Leaving out every picture, copy the lines of the data exactly, from the first through the line containing "MAIN BOARD TPD.MT9602.PB766".
----
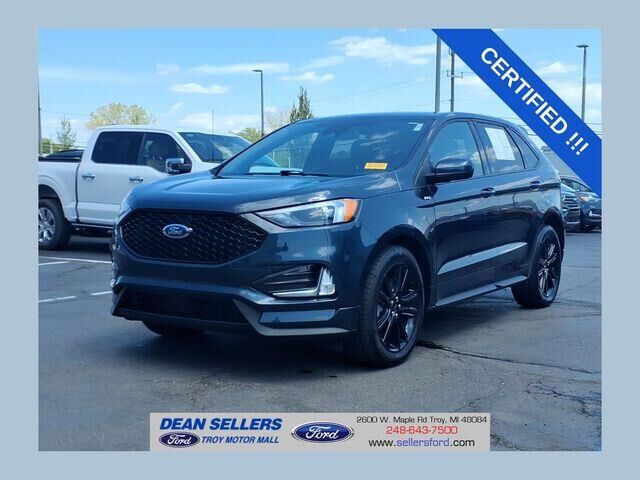 2023 Ford Edge ST-Line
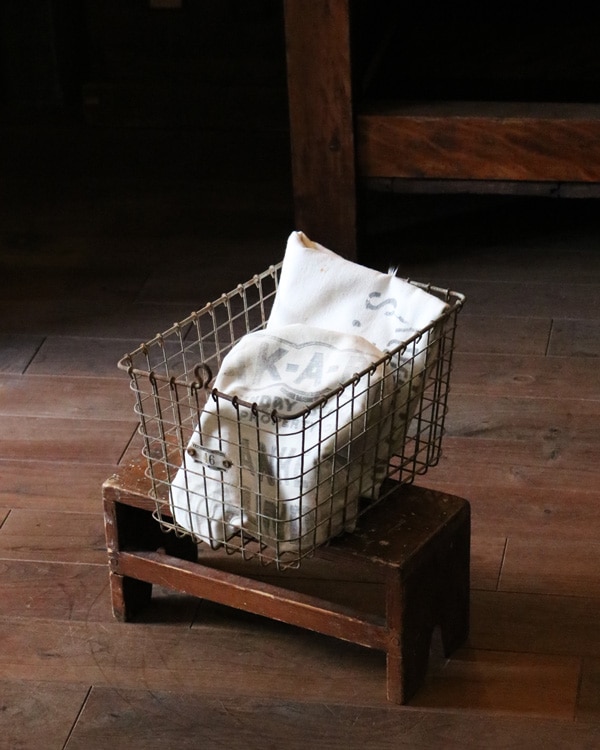 Wire Gym Basket "46"|ワイヤージムバスケット "46"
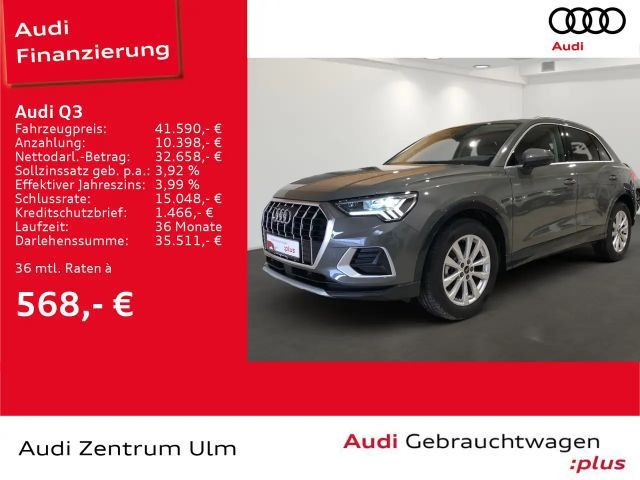 Audi Q3 S-Tronic 35 TDI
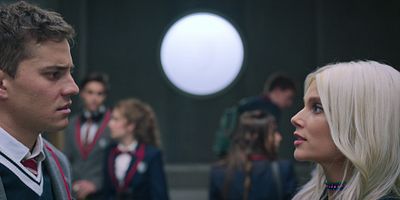 poster de la série Trop de douleur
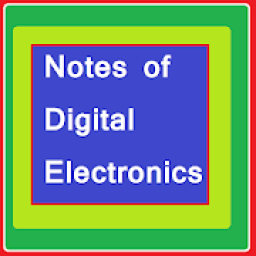 ikon Notes of Digital Electronics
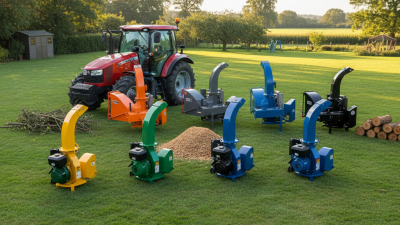 7 Best 3 Point Chippers for Effortless Yard Cleanup in 2023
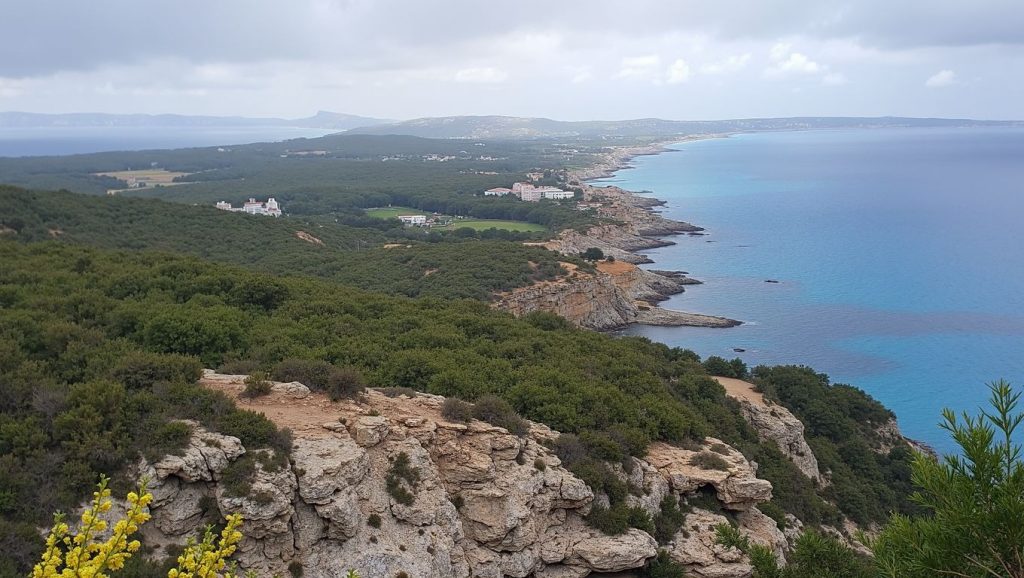 Aguas de Racó de sa Pujada (Formentera) en  ()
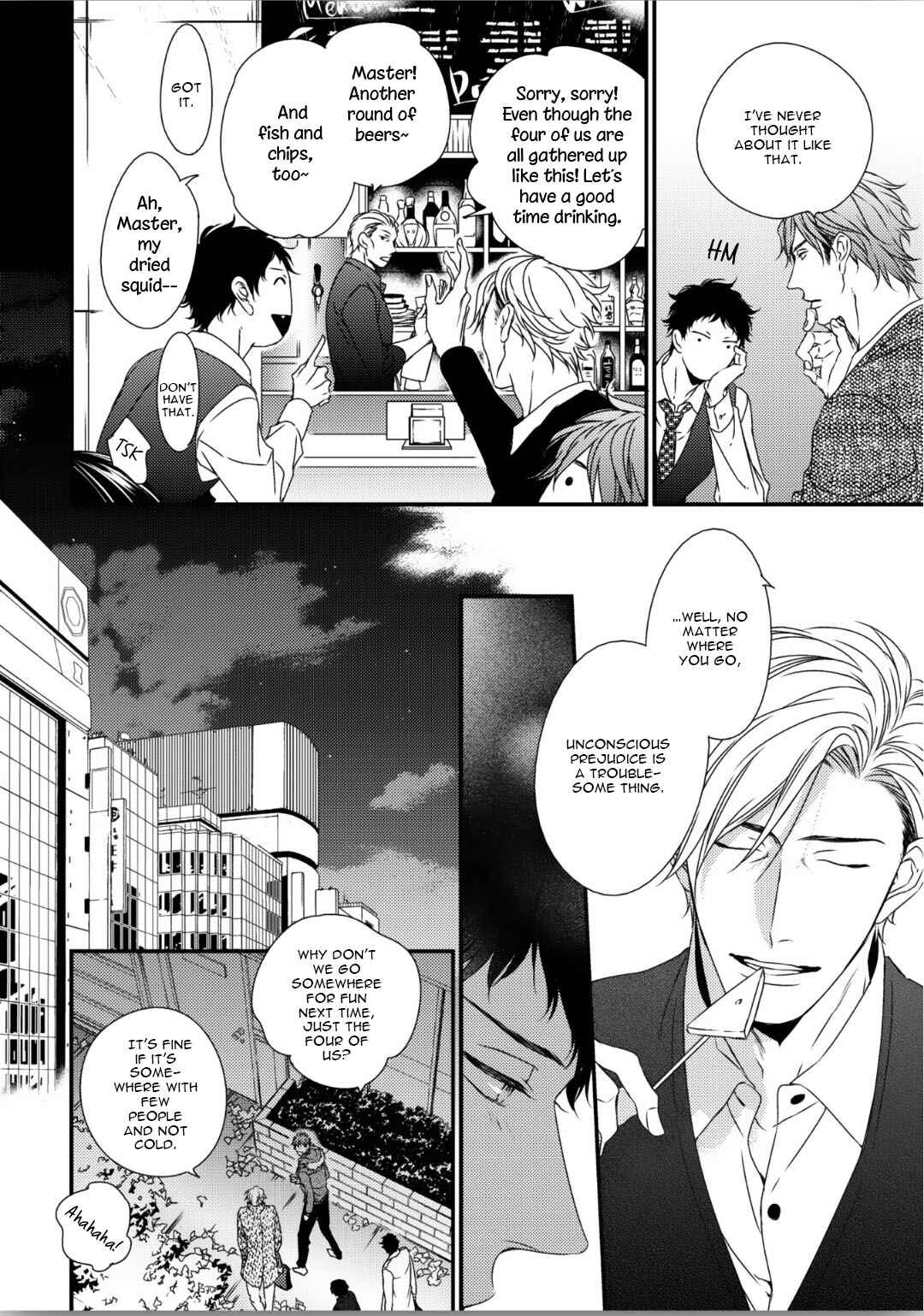Page 34 Chapter 2 Love Nest 2nd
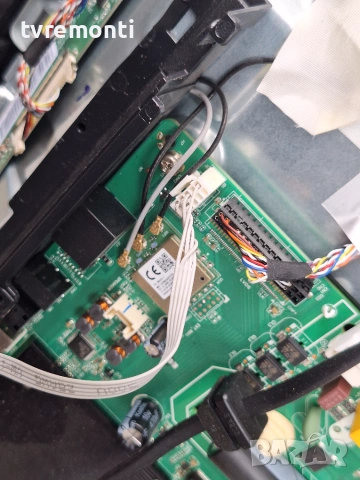 MAIN BOARD TPD.MT9602.PB766 (T) PHILIPS модел​ 39PHS6707/12 , снимка 4 - Части и Платки - 55207497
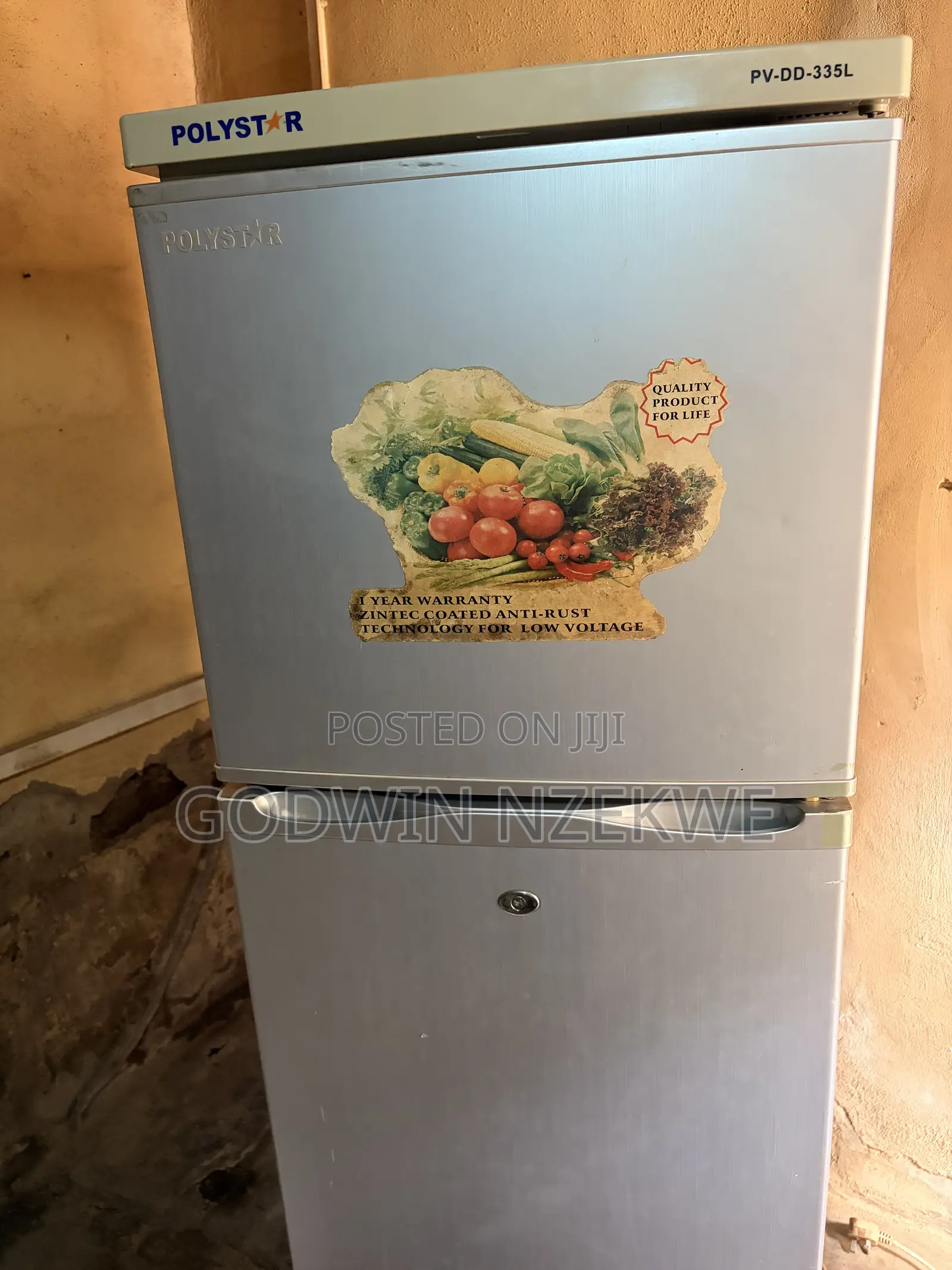Polystar Refrigerator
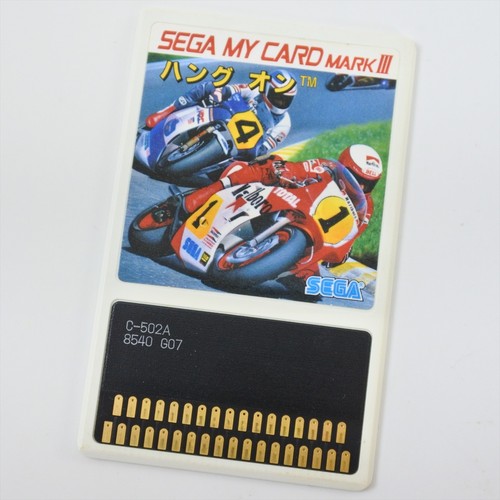 Sega card hang c - sega,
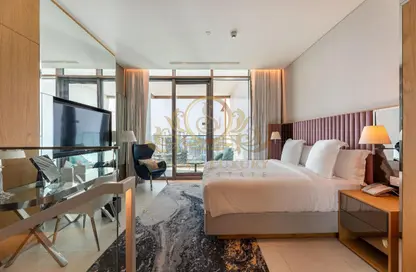 Apartment - 1 Bedroom - 2 Bathrooms for sale in SLS Dubai Hotel  and  Residences - Business Bay - Dubai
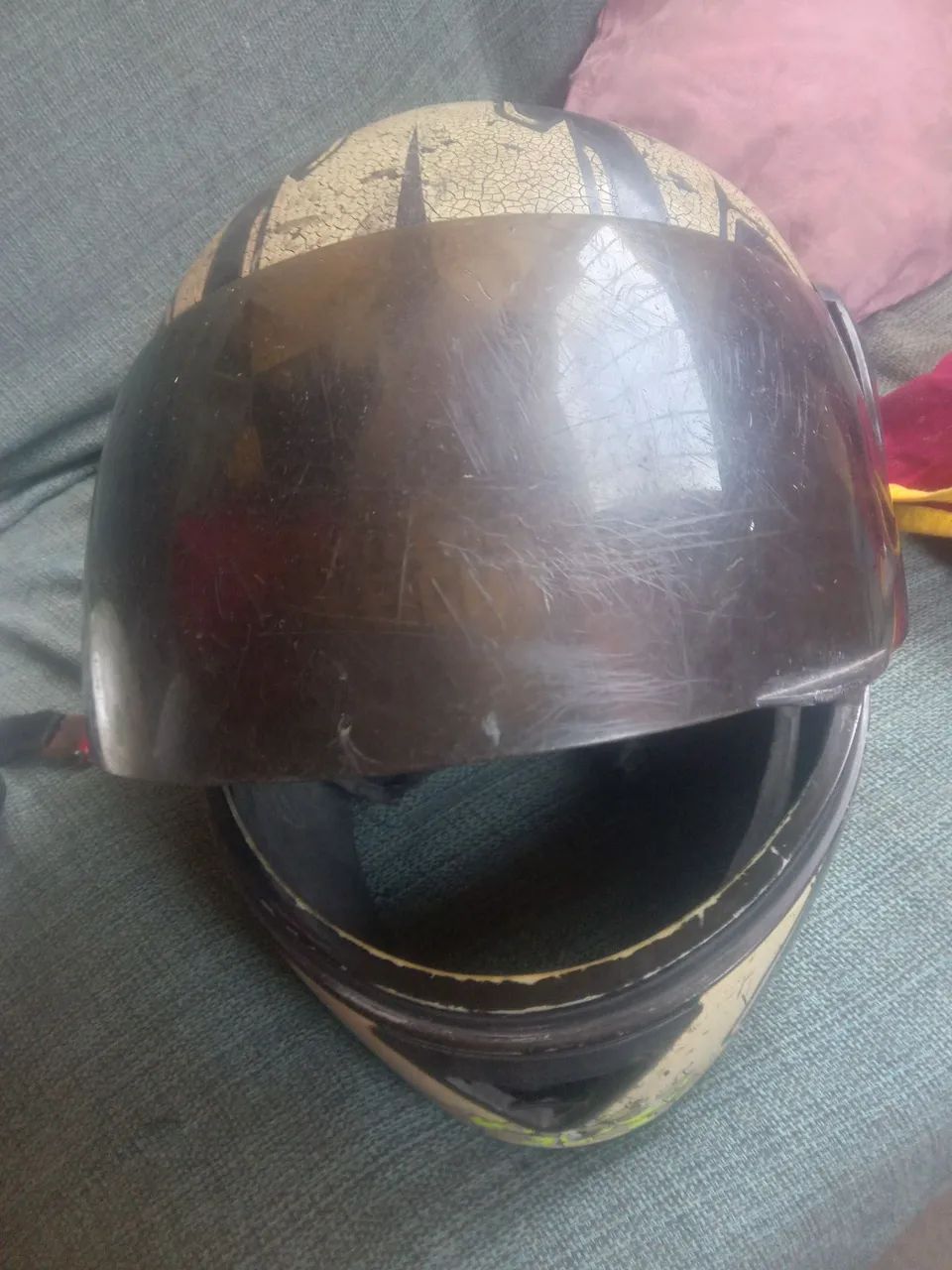 Capacete tm 60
----
- RESULT OF THE EXERCISE:
 2023 Ford Edge ST-Line
 Wire Gym Basket "46"|ワイヤージムバスケット "46"
 Audi Q3 S-Tronic 35 TDI
 poster de la série Trop de douleur
 ikon Notes of Digital Electronics
 7 Best 3 Point Chippers for Effortless Yard Cleanup in 2023
 Aguas de Racó de sa Pujada (Formentera) en  ()
Page 34 Chapter 2 Love Nest 2nd
 MAIN BOARD TPD.MT9602.PB766 (T) PHILIPS модел​ 39PHS6707/12 , снимка 4 - Части и Платки - 55207497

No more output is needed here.